There are only two hard things in Computer Science: cache invalidation and naming things

– Phil Karlton

I recently took on a side-quest to refactor one of the applications I first worked on when joining Savannah Informatics. Honestly, some parts of it were a mess; and specifically the code portions I decided to refactor.

Functions had repetitive code blocks; all which handled getting and inserting items to our cache server. This was really a good candidate for refactoring.

So the first thing here was to extract the cache logic; both fetching and storing items, into separate functions so that any other function that needed to perform cache operations would not have its own logic of doing so, but would just call a function, pass it the item to be cached and a TTL, or a cache key depending on whether the function wants to fetch or store a cache item.

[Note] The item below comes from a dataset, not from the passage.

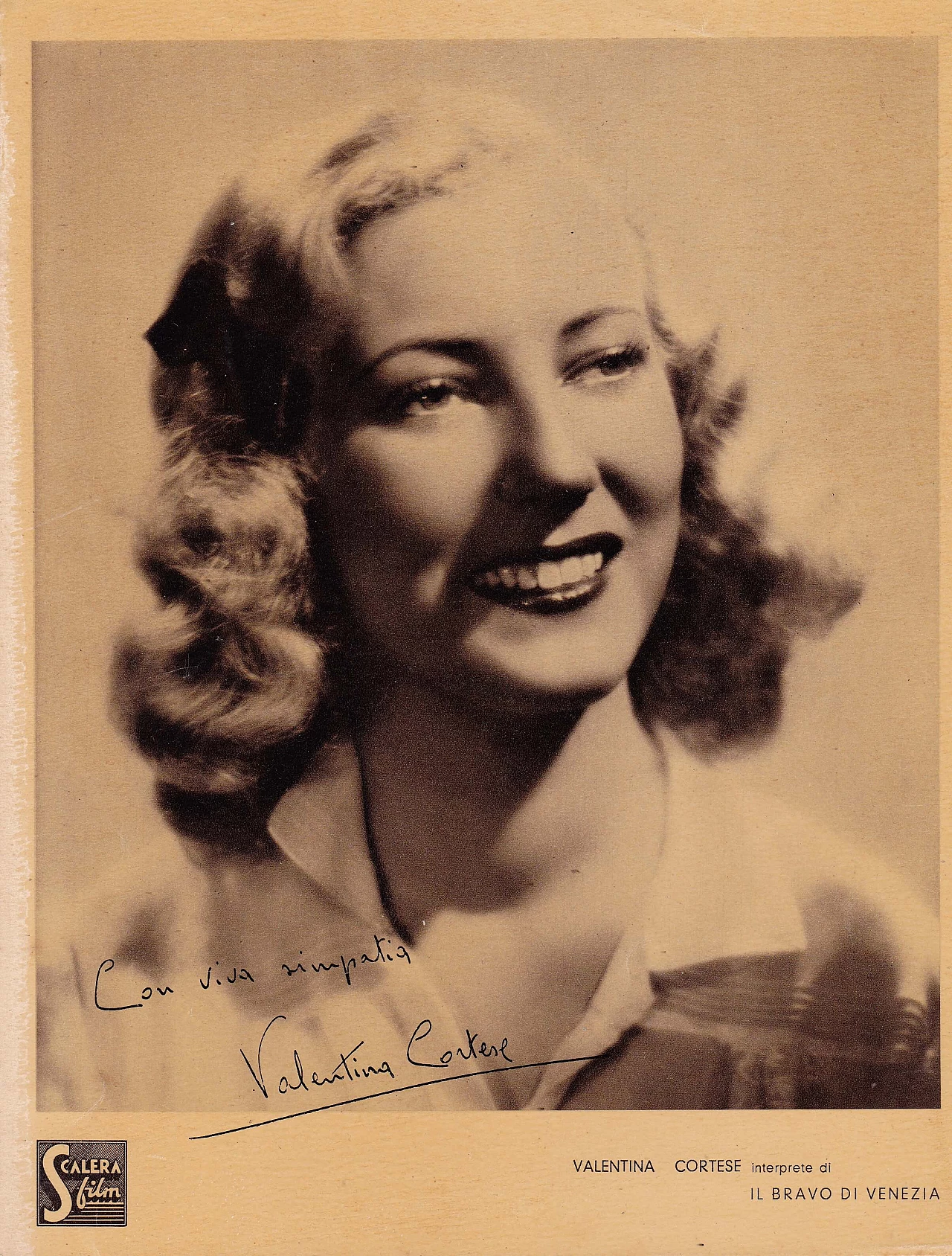 12 Foto di attori cinematografici con autografo, anni '40 12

The overall result of this refactor was ~700 lines of code removed from over 20 functions, with each function length almost halved, from about 130 lines to roughly 70 LOC on average.

The above was the happy path; but as we know with every good thing, there are always side-effects. And the refactor I did certainly had to have some really weird ones.

The failure mode

During UAT on staging, I noticed requests to a certain endpoint became blazing fast; like really fast because latency has dropped from ~4 seconds to around 150ms.

But unlike most cases where a latency drop is good news, this drop was a red flag because we expected any request to that endpoint to modify state but this wasn’t the case. All requests were leaving the state of the referenced object in an upstream system unmodified.

Reads were returning stale cached data instead of the current upstream state, so the object appeared unchanged regardless of what the request sent.

What made the diagnosis particularly puzzling was that the stale data persisted well past the 1-minute TTL we had configured. My first instinct was to question the cache server itself, specifically how memcached handles item eviction once a TTL expires. Does it sweep for expired keys proactively on a schedule? Does it wait until a key is accessed and only then check whether it has expired? I was convinced the problem lived somewhere inside the eviction mechanism. I was wrong.

Root cause

There were 3 contributing factors; I was one of them, the others were Golang and Memcached related.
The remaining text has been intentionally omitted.